The issue was that my code base has a number of sample projects and while they build, several of them crash hard. This is suboptimal because chances are most clients of my code are going to ignore the copious documentation and go right for the samples. It’s best if they work.
How do you solve this problem:
Step 1: analyze the output and the errors and see what you can find
I did this and it was puzzling. I was getting a runtime error on a symbol reference while attempting to load a dynamic library and it was a symbol that I never used. I put together a mock program that allegedly did the same steps as my host program to load that library with the same arguments. It succeeded. I plunged into despair.
Step 2: Walk Away – No, Just Walk Away
Seriously – this is a good thing. I rarely fully let go of a problem and instead shift it to the back burner of my brain and very often, the solution will just occur to me later.
Step 3: Find a Place With Better Light
Here’s a joke: a person is out under a street light at night looking for something. An observer walks up and says, “hey, did you lose something?” The person says, “Yeah! I lost my car keys in that alley over there.” pointing at an unlit alley across the street. “Why are you looking over here?” “Well, the light’s better over here.”
After my time away from the machine, here was the conclusion I came to: I have close 1600 unit tests that pass. Most of them do more complicated things than this sample, but the process is identical. If I can hoist this sample into a failing unit test, then I can debug it a lot easier. In other words, move the problem into a place with more light. I did this. I pulled the entire sample into a unit test. It turned up an issue in my code, but this was not what I was seeing. I fixed that issue and had a passing unit test.
Step 4: Enter Elmo’s World
Sesame Street is a wonderful program for teaching the young. There are so many simple games they play to help build basic skills. One of them is called “One of These Things Is Not Like the Others”. This is a game where they put up multiple scenes and all are identical except one and you need to pick out the one that isn’t the same as the rest. This was exactly the game that I played with my code. I had a unit test that passed and a sample that failed. All I had to do was turn the sample code into the unit test. So I tracked compiler flags and environment variables from the unit test and shoved them blindly into the makefile for my sample. Success! The sample ran without a hitch – and in the process, I saw exactly what was missing. Was I done? Not quite.
Step 5: Cut Away Everything that Isn’t an Elephant
There’s an old saw about how you carve a statue of an elephant – you start with a big block of stone and remove all the stone that doesn’t look like an elephant. Easy!
This is what I did – I methodically went to the makefile and stepwise removed pieces that I added that didn’t affect the outcome. Why? Because this is sample code. If it were me, I would build the sample, run it, read the source code, then read the makefile. The makefile should be as simple as possible (but no simpler).
It also reminds me of a guy I know who as a teen had a transistor radio and he took it apart and saw a circuit board covered with resistors, capacitors, coils, and transistors. While the radio played, he clipped out individual components until the radio stopped playing, then soldered back the component that killed it. Eventually, he removed everything that wasn’t strictly necessary.

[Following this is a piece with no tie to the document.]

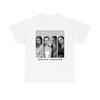 Rebecca Ferguson Vintage Black and White T-shirt, Rebecca Ferguson Tee, Rebecca Ferguson Sweatshirt
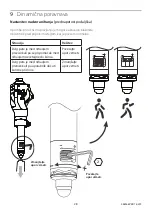 Preview for 28 page of Blatchford BMK2 Knee Instructions For Use Manual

Same thing here. It’s also good to make sure that I understood everything that was going on in that issue so that it (hopefully) wouldn’t happen again.

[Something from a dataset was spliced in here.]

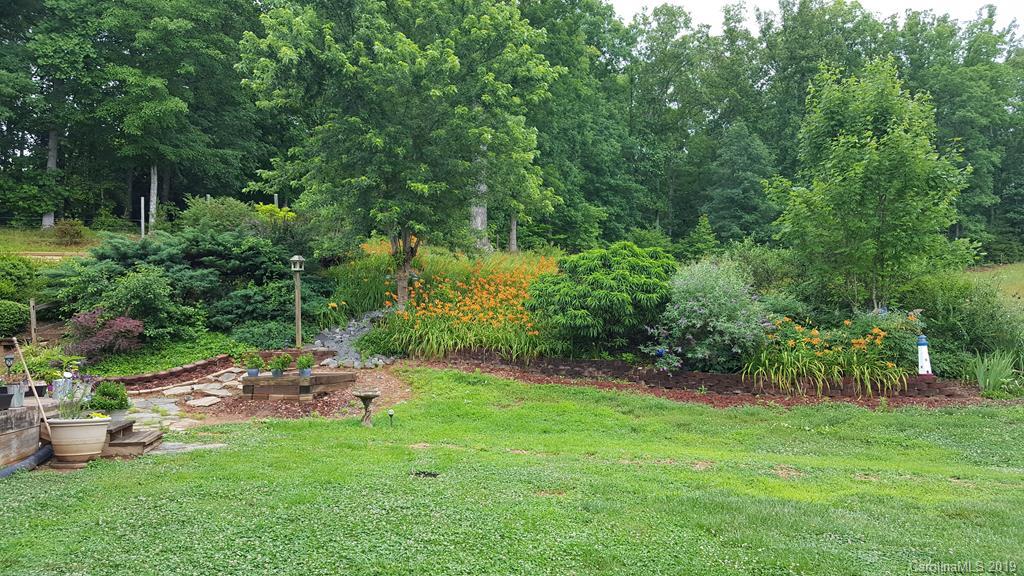 699 Centennial Road Rutherfordton, NC 28139 - Photo 47 of 48 Gallery Image 47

Step 6: Document What You Did
I still need to do this. It would be nice if the makefile included not only the steps to build and run a given sample but information as to why it has each of the parts. I’ll do that tomorrow.
Can you find and fix any issue with these steps? No. But this is one approach you can take. I spoke to my spouse about this and she said, “wait, you made an algorithm for debugging an algorithm?” Essentially, yes.